Vorausschauende Planung für mehr Sicherheit
Mit Hazop-Analysen werden Fragen nach Zuständigkeiten, notwendigen Dokumenten und Sicherheitsaspekten systematisch und frühzeitig erörtert. Bereits im Vorfeld können dadurch Probleme bei der Abstimmung vermieden und konkrete Lösungswege aufgezeigt werden. Ebenso werden in den Experten-Diskussionen transparent für alle Beteiligten Fragen zu Verfahren, Baustoffen, Normen, formellen Abläufen, bürokratischen Prozessen und Verantwortlichkeiten angesprochen und geklärt.
Auf den ersten Blick mag dieser Aufwand hoch erscheinen.

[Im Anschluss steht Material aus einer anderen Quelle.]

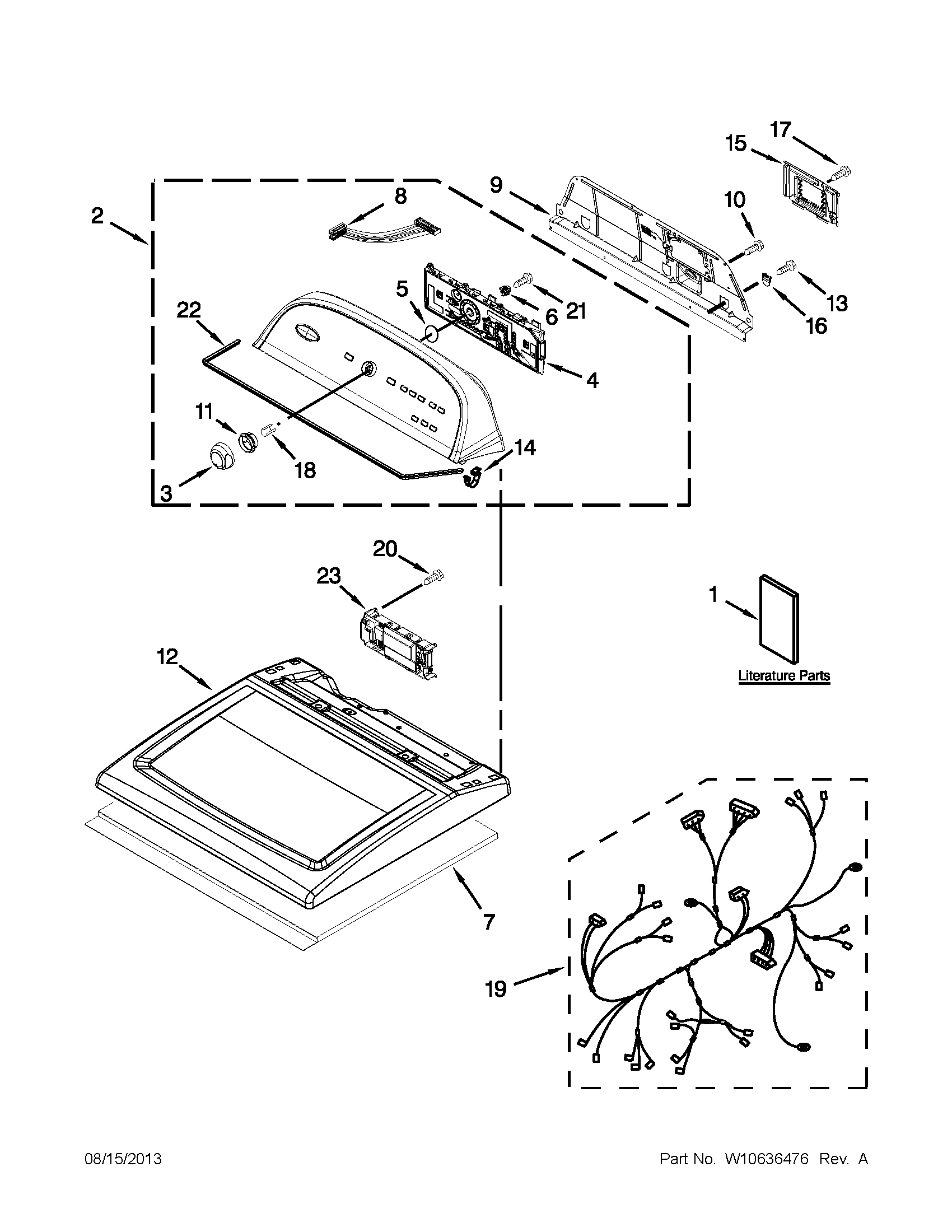 Top and console parts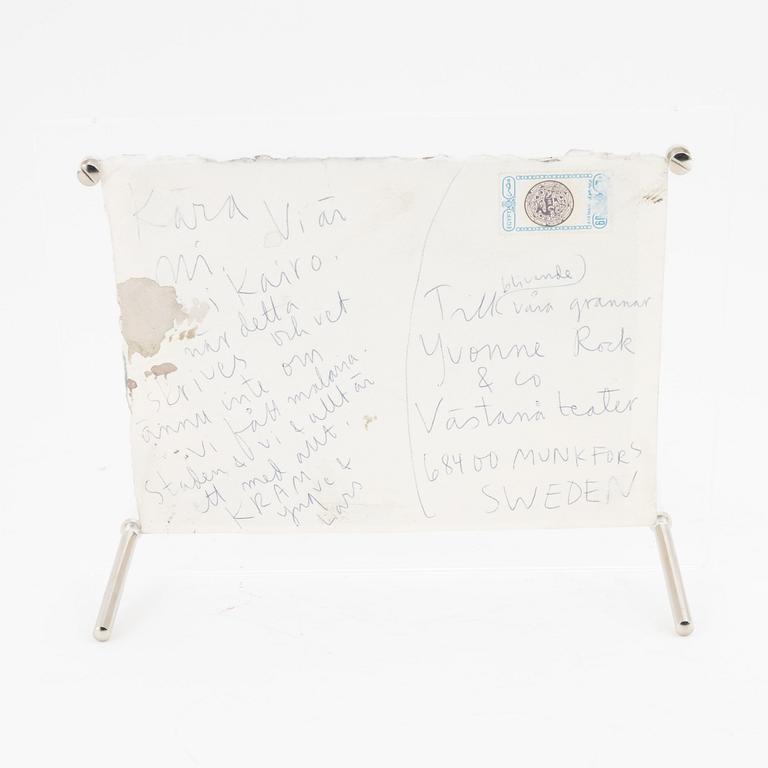 Lars Lerin, watercolour/postcard.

Doch die Analyse zahlt sich im weiteren Prozessablauf aus, weil schon alle Eventualitäten in den Blick der Beteiligten gerückt sind. So werden projektkritische „Reibungsverluste“ und „unliebsame Überraschungen“ vermieden, die fast immer aus einer unzureichenden Dokumentation, nicht eingehaltenen Vorschriften und den später auftretenden Mängeln im tatsächlichen Betrieb resultieren.
Ein weiterer Vorteil der Hazop-Analyse: Sie liefert von Anfang an einen umfassenden Überblick über den Sicherheitsstandard der Geothermieanlage, was sich stets positiv auf die Verhandlungen mit Versicherungen und die Durchführung der Genehmigungsverfahren auswirken kann.